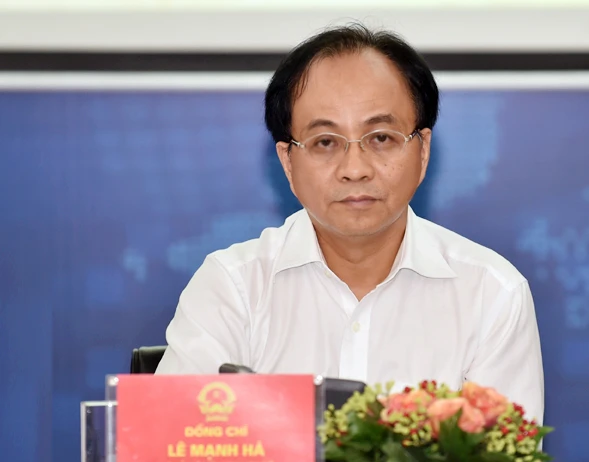 Phó Chủ nhiệm Văn phòng Chính phủ Lê Mạnh Hà phát biểu tại cuộc họp báo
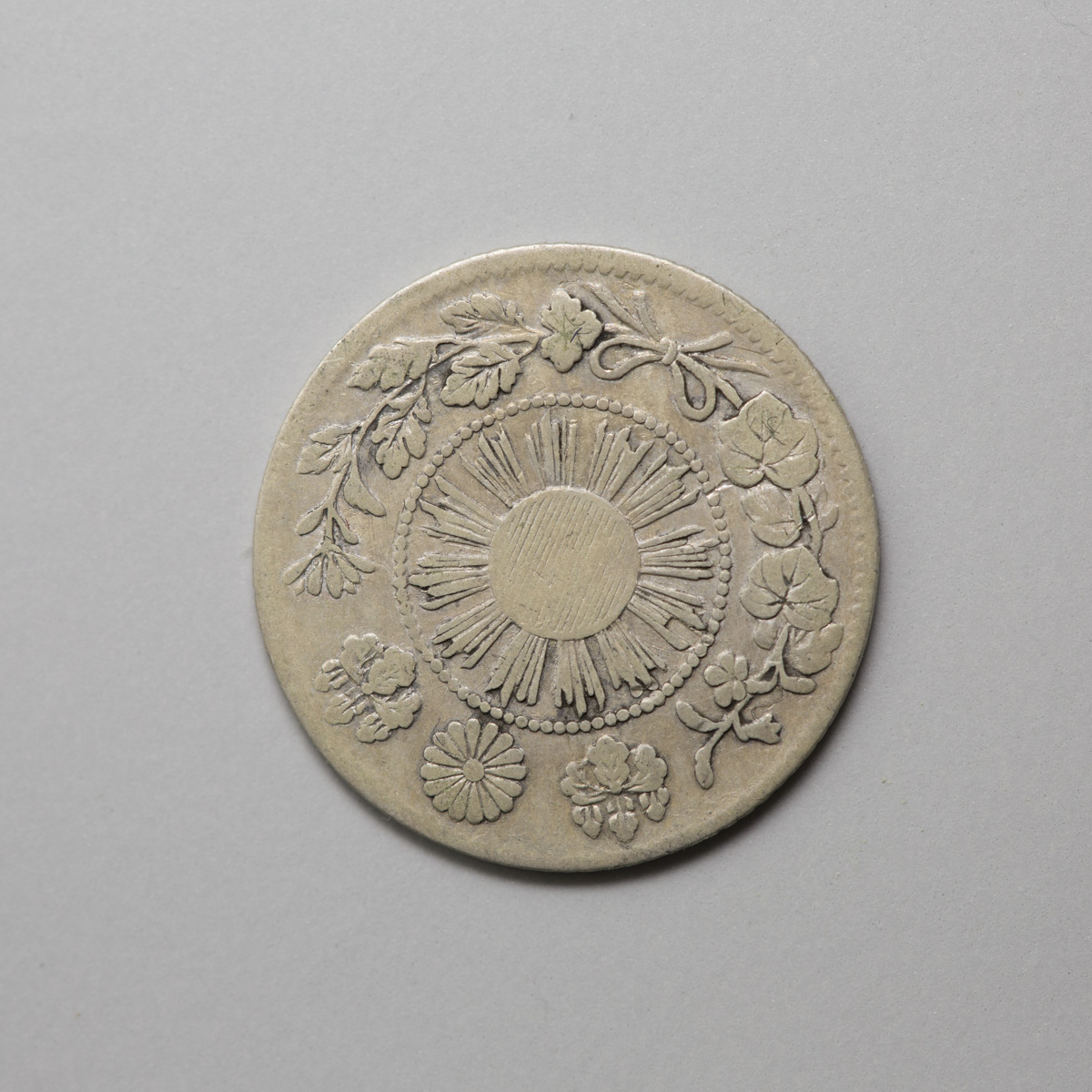 未使用　旭日竜5銭銀貨　明治3年 旭日竜5銭銀貨 明治3年(1870) 美品 (現品限り) : yuuhiflower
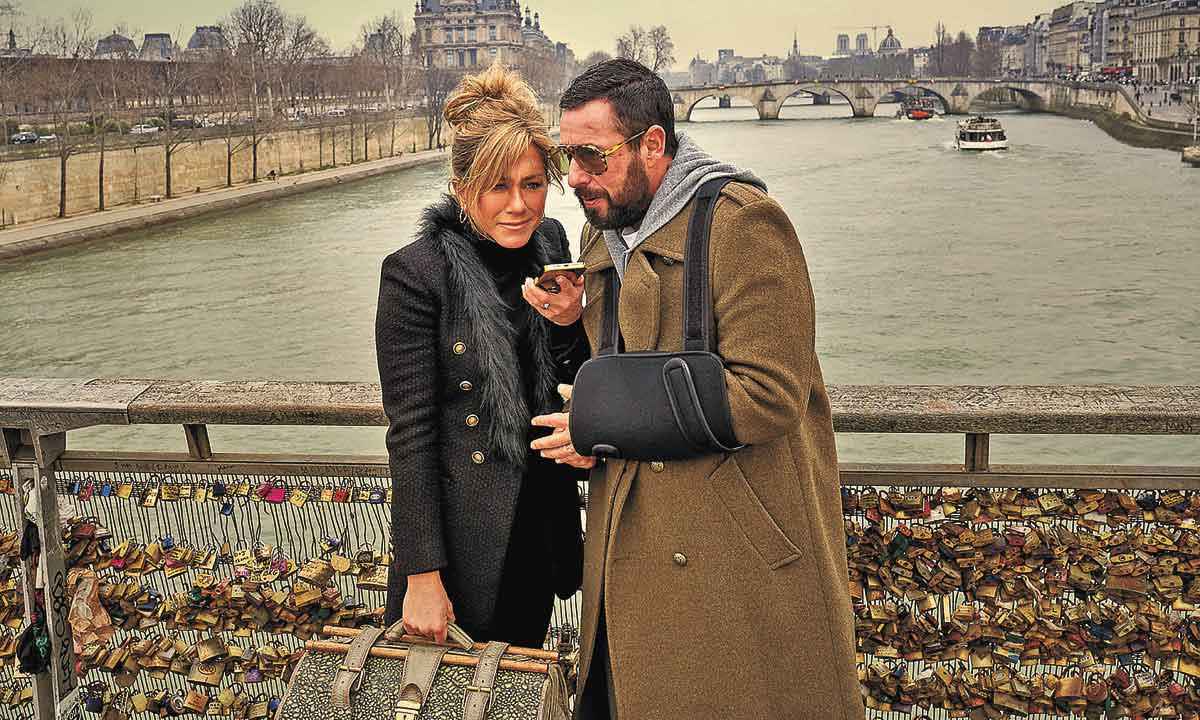 Jennifer Aniston lança 'Mistério em Paris' e recomenda mais humor ao mundo - Netflix/reprodução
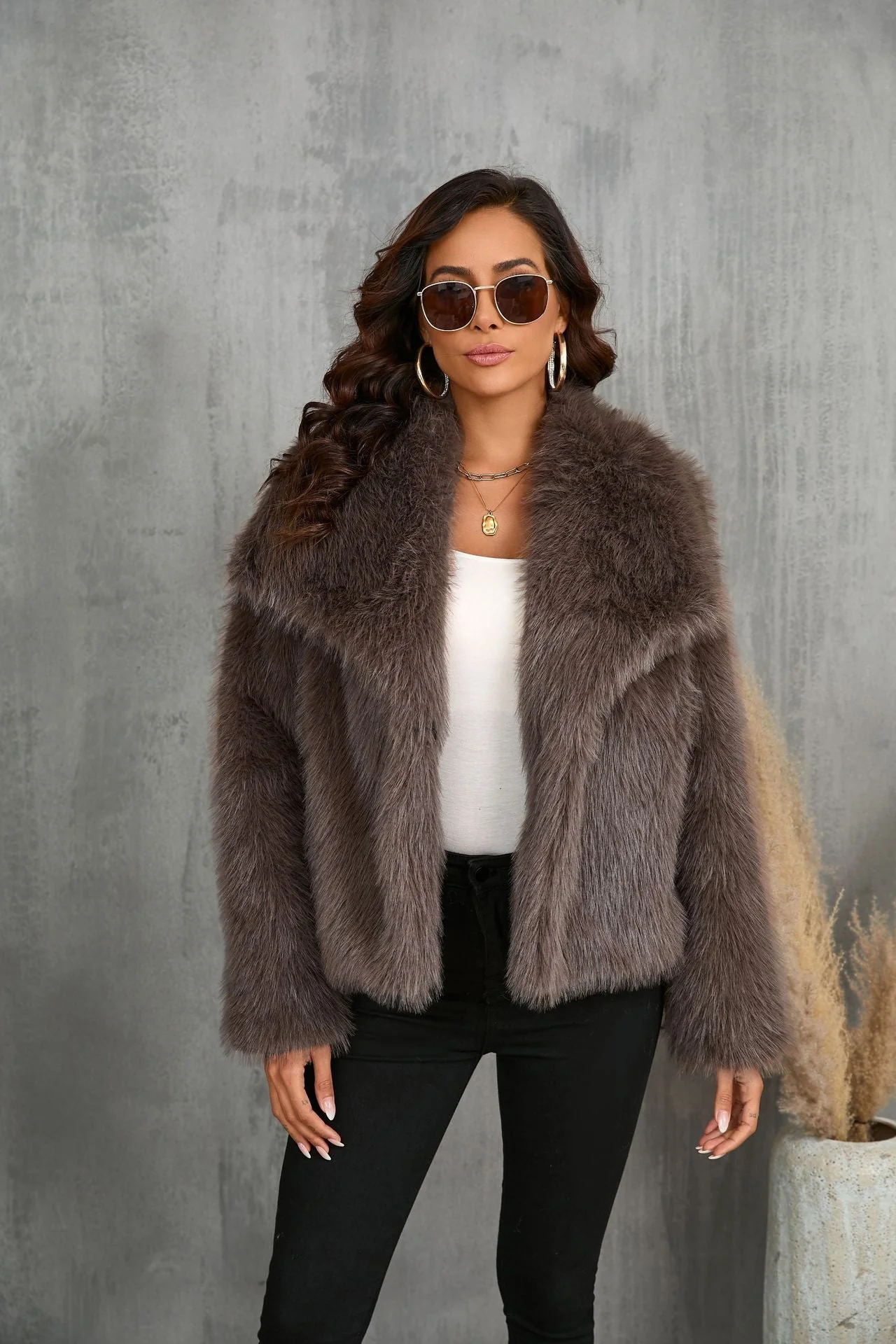 The Plush Elegance | Women's Short Faux Fur Lapel Coat - Image 7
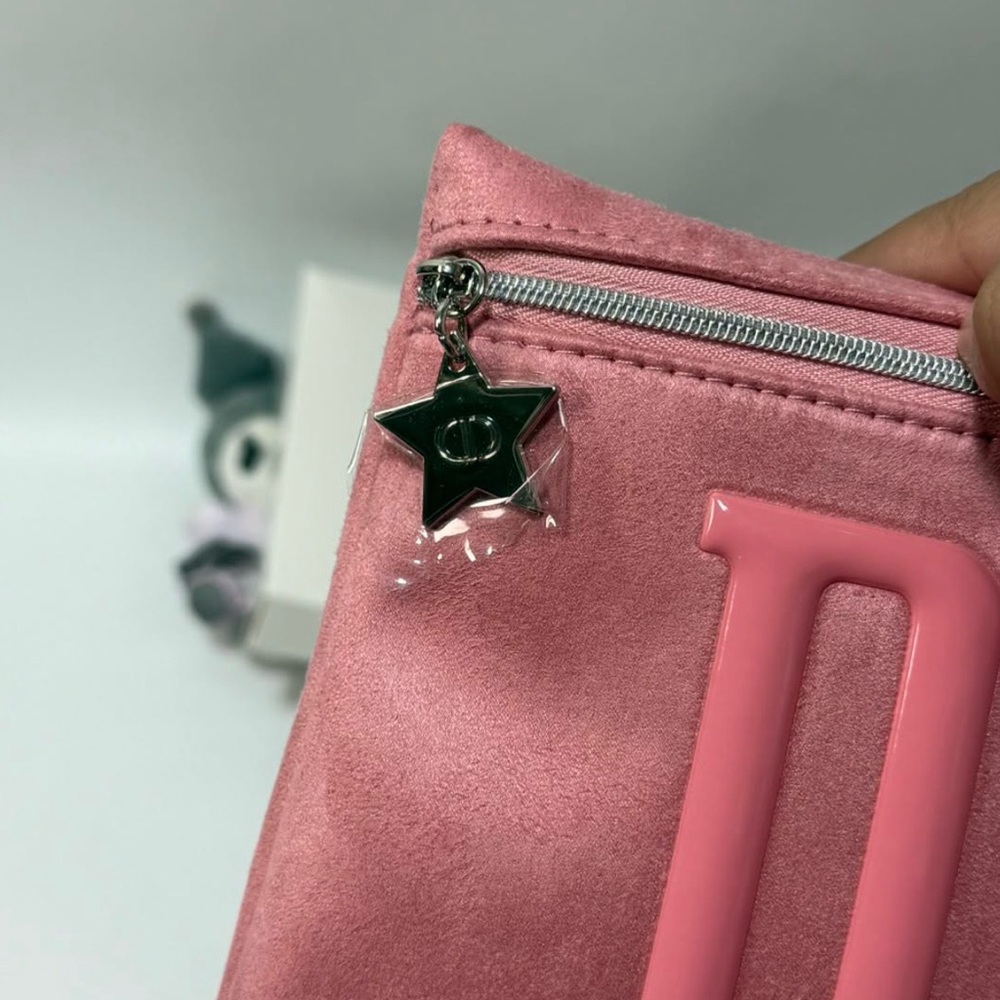 Dior Beaute Pink Cosmetic Bag - Picture 5 of 5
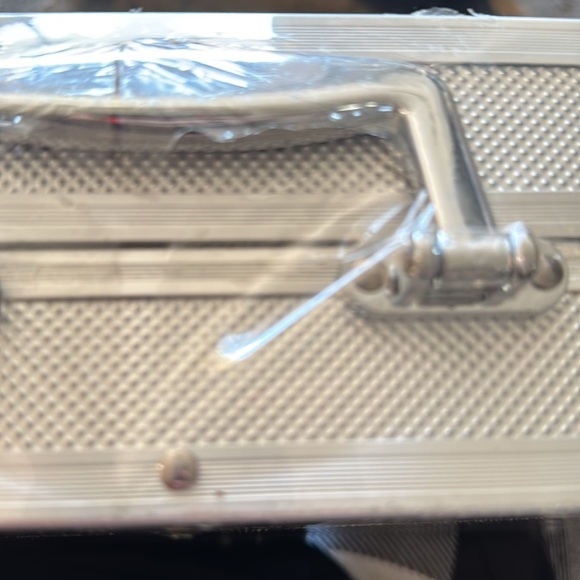 ARTIST KIT 122 PCS Daler Rowney Complete Artist Kit Pencils Oil Pastels Met case - Picture 6 of 6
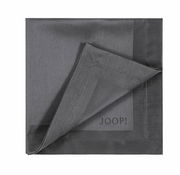 Graphitfarbene Serviette, Set aus zwei Stück, 50x50 cm, mit sichtbarem Markenlogo 'JOOP!' in der Ecke, aus einer leicht erhöhten Perspektive fotografiert.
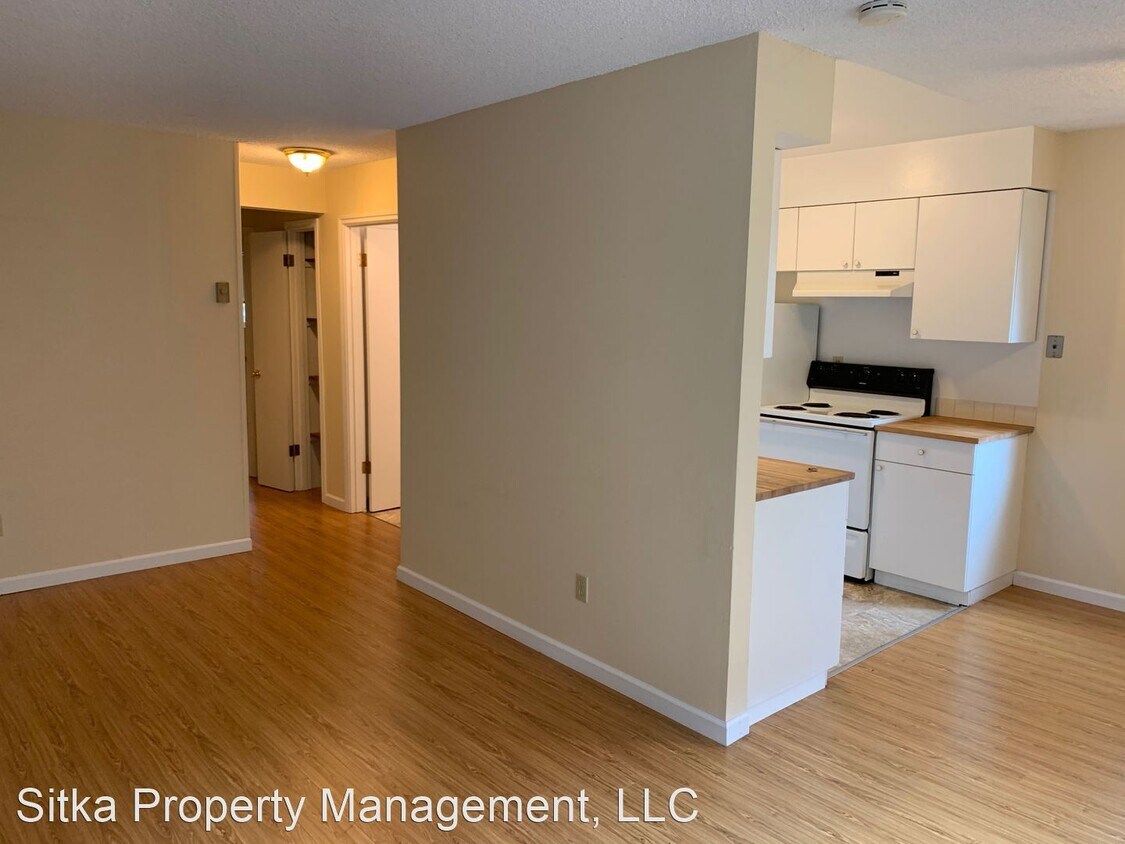 Foto principal - 3212 SE 9th Ave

******************************

> _PROMPT_: Set the records down again exactly, with no pictures.

> _WRITTEN ANSWER_:
 Phó Chủ nhiệm Văn phòng Chính phủ Lê Mạnh Hà phát biểu tại cuộc họp báo
 未使用　旭日竜5銭銀貨　明治3年 旭日竜5銭銀貨 明治3年(1870) 美品 (現品限り) : yuuhiflower
 Jennifer Aniston lança 'Mistério em Paris' e recomenda mais humor ao mundo - Netflix/reprodução
 The Plush Elegance | Women's Short Faux Fur Lapel Coat - Image 7
 Dior Beaute Pink Cosmetic Bag - Picture 5 of 5
 ARTIST KIT 122 PCS Daler Rowney Complete Artist Kit Pencils Oil Pastels Met case - Picture 6 of 6
 Graphitfarbene Serviette, Set aus zwei Stück, 50x50 cm, mit sichtbarem Markenlogo 'JOOP!' in der Ecke, aus einer leicht erhöhten Perspektive fotografiert.
 Foto principal - 3212 SE 9th Ave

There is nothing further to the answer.